1 de set. de 2008

É isso ou baixar a cabeça

Durante os Jogos Olímpicos, para demonstrar ao mundo a boa vontade na promoção da liberdade de pensamento, as autoridades chinesas resolveram liberar três locais como zonas oficiais de protesto. Por se tratar de um país onde até a internet é fiscalizada, naturalmente a abertura causou expectativa.

Contudo, para surpresa geral, as três zonas oficiais chegaram ao final dos Jogos sem abrigar um protesto sequer.
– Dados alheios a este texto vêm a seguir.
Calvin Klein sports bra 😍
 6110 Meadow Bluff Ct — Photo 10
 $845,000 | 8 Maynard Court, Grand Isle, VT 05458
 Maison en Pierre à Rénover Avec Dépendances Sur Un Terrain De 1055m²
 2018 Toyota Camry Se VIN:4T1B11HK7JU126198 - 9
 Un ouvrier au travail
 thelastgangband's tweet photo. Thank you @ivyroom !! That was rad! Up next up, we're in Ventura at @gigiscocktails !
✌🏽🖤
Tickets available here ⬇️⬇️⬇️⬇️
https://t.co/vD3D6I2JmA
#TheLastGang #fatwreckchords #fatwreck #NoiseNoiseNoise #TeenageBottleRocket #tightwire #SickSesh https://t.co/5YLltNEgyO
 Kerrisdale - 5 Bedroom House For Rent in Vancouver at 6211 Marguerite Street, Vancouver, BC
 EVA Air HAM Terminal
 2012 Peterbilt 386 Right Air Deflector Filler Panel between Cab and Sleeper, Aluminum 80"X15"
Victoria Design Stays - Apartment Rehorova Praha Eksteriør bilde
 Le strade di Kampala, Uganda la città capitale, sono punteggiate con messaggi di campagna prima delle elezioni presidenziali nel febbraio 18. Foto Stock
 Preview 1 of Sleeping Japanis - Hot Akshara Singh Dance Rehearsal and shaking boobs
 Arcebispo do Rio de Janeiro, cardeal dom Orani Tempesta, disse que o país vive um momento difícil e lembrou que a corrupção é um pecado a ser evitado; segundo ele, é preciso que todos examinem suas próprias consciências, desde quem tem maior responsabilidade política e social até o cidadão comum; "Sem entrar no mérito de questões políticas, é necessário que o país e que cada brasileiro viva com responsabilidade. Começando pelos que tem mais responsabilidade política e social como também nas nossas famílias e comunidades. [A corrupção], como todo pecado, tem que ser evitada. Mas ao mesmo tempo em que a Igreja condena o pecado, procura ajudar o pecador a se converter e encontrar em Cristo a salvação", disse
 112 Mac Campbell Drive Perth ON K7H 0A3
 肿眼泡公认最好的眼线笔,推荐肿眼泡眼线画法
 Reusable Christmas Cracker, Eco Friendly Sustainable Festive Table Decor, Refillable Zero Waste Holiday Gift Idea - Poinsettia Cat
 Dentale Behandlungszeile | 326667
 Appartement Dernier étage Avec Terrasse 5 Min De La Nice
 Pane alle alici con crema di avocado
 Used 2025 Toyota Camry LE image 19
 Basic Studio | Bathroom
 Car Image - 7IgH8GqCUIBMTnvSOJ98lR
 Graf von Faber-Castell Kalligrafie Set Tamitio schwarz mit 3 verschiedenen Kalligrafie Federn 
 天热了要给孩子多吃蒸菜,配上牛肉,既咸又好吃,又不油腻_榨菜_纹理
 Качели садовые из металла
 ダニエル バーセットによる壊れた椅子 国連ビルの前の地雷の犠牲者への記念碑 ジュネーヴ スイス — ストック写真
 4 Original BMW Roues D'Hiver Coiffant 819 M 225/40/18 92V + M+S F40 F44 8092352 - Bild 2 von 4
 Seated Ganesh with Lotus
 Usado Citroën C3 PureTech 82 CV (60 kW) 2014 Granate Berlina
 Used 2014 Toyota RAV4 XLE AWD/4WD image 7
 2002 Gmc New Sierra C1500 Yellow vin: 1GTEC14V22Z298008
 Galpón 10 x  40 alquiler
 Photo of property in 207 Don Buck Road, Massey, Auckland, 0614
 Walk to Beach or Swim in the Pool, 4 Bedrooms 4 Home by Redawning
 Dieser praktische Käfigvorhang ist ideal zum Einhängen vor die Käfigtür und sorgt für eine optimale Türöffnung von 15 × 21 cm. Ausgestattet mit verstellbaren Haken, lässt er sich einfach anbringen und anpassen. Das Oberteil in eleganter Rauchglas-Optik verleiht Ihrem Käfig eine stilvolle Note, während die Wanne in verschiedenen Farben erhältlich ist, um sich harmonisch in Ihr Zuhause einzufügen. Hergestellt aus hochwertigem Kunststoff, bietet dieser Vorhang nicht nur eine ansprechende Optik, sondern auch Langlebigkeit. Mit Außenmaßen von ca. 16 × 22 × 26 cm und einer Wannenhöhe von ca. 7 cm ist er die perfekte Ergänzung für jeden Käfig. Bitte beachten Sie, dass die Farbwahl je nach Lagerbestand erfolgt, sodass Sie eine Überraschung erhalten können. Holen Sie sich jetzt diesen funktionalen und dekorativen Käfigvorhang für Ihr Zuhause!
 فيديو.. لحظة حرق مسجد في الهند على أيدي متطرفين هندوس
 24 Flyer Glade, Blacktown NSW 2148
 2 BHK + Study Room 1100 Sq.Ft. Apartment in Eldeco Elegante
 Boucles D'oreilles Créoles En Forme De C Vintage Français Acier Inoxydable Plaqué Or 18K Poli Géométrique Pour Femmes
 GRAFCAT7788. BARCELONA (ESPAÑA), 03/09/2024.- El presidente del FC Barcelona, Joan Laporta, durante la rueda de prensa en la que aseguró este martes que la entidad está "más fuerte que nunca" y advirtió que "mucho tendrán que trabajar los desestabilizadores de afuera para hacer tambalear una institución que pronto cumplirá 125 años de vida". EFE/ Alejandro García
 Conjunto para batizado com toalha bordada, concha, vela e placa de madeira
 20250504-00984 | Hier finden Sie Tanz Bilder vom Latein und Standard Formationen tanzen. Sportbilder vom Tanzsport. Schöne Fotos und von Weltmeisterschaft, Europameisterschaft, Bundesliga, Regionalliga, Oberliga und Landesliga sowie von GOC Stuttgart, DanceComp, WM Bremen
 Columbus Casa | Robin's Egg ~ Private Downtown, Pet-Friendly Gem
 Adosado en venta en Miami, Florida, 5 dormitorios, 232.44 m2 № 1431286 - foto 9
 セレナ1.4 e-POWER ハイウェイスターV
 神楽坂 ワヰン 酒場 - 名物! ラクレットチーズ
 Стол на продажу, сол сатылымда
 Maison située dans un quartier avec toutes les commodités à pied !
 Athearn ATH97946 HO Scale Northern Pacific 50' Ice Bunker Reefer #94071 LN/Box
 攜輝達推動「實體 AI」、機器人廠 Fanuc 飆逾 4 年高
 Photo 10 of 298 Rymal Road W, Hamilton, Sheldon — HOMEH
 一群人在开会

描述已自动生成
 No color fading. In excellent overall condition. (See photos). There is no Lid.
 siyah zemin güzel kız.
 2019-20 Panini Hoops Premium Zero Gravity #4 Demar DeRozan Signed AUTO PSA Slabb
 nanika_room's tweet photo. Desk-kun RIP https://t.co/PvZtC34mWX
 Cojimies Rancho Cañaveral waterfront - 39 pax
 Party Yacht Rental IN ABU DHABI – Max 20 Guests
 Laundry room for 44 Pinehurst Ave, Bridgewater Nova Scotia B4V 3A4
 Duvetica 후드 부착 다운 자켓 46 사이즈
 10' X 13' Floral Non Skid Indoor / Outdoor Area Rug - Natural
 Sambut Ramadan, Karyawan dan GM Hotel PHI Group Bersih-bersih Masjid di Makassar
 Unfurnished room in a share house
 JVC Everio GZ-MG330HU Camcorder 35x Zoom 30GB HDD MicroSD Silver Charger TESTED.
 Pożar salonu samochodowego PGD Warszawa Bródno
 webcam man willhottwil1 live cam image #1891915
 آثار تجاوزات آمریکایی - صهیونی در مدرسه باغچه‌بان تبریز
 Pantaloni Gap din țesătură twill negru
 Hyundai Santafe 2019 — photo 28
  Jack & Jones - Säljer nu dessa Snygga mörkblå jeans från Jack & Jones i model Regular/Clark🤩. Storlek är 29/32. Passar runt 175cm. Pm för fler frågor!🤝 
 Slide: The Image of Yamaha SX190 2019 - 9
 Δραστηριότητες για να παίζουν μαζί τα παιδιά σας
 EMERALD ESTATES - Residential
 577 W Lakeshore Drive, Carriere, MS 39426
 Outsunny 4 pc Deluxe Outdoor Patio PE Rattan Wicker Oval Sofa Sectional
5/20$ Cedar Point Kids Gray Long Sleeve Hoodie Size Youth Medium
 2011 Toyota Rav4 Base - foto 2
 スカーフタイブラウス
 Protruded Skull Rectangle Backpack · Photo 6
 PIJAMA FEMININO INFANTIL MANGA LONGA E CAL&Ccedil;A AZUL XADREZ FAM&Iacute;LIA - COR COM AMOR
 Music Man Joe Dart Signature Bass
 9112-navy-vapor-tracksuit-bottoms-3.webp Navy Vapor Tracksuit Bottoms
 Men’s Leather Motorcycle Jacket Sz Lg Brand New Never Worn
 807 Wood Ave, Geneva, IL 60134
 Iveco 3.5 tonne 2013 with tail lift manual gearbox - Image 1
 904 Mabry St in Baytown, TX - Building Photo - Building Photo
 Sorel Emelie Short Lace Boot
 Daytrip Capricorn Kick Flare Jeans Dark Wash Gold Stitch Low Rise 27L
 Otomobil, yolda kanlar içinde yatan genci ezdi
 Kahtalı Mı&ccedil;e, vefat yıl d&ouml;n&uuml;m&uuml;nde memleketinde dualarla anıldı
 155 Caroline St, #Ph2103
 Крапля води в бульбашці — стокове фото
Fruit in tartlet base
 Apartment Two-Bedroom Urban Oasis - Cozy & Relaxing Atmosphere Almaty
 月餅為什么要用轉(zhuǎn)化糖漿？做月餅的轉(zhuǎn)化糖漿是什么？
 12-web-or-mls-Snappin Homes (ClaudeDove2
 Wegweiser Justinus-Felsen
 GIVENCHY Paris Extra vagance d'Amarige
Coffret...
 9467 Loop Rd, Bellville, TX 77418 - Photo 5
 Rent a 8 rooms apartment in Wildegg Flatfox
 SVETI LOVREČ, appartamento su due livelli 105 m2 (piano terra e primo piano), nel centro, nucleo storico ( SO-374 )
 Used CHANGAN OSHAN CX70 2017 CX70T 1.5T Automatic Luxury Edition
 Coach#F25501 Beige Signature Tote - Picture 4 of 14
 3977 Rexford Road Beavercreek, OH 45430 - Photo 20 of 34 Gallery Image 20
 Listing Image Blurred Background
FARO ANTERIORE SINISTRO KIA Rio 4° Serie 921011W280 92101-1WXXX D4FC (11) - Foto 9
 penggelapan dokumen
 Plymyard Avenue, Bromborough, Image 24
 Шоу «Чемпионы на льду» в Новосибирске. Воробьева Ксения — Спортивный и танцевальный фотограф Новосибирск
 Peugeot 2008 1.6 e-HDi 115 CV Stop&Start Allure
Para começar, na maior população mundial, apenas 77 pessoas ousaram encaminhar à polícia o pedido de autorização.

Duas senhoras amigas, uma de 77, a outra de 79 anos, registraram cinco pedidos consecutivos para ter a oportunidade de protestar, nos parques designados. Ambas desejavam compensações das autoridades pela demolição arbitrária de suas casas, em razão da remodelação de Pequim para os Jogos Olímpicos. Foram condenadas a um ano de trabalhos forçados nos “campos de reeducação” chineses, transformados em prisão domiciliar, em razão da idade. Se não se aquietarem, seu destino será mesmo um dos campos de reeducação, segundo depoimento do filho da mais velha.

Estrangeiros também foram presos, por protestar contra o domínio do Tibete. Fotógrafos e correspondentes estrangeiros que cobriam as manifestações foram detidos e interrogados. Na China, prisão administrativa e envio a campos de reeducação podem ser determinados pelo governo, sem necessidade de intervenção do Poder Judiciário.

O que temos nós a ver com isso? – poderá alguém pensar, refestelado em sua poltrona, neste Brasil que acreditamos democrático. Quando as barbas do outro ardem, os previdentes colocam as suas de molho. Porque as situações não mudam de um instante para o outro, num piscar distraído dos olhos.

Elas mudam devagar, de um jeito quase despercebido. Alguns mais atentos se dão conta, mas os outros costumam chamá-los de chatos, impertinentes, fanáticos, por isso a maioria se cala e fica torcendo para não ter razão no seu medo e desconfiança.
Começa, em geral, pelo desarmamento, porque uma população sem armas não tem a mínima capacidade de reação e defesa. Nesse sentido, são realizadas campanhas “educativas”, no intuito de convencer as pessoas do benefício de espontaneamente se desfazerem das armas em sua posse. Quando os objetivos não são atingidos em sua plenitude, - como aconteceu no Brasil, quando o plebiscito disse “não” ao desarmamento obrigatório – outras medidas são tomadas, visando dificultar ao máximo o porte de armas. Por comodismo ou dinheiro escasso para fazer frente às despesas com o registro e o porte, outros tantos desistem.

O próximo passo é o cerceamento da imprensa, pelo controle das notícias que podem ser divulgadas.

Enquanto isso, de forma sistemática e sorrateira, toda autoridade é colocada em ridículo e questionada. Família, escola, judiciário, polícia civil e militar são alvos de crítica e desrespeito. Sem valores, as pessoas se sentem perdidas, sem saber a quem apelar, nos momentos de crise.

A China, em seu processo de abertura, tem um longo caminho pela frente. No Brasil, ainda que muitas situações não cheguem ao nosso conhecimento, pelo menos a imprensa não teve sua atuação controlada, como foi pretendido. Da mesma forma, vozes corajosas reagem, aqui e ali, em defesa dos nossos direitos. Cabe a nós, cidadãos comuns, buscar as informações e fazer coro com os protestos justificados, fortalecendo as idéias que julgarmos dignas.

É isso ou baixar a cabeça, esperando o dia em que protestar seja crime passível de “reeducação”.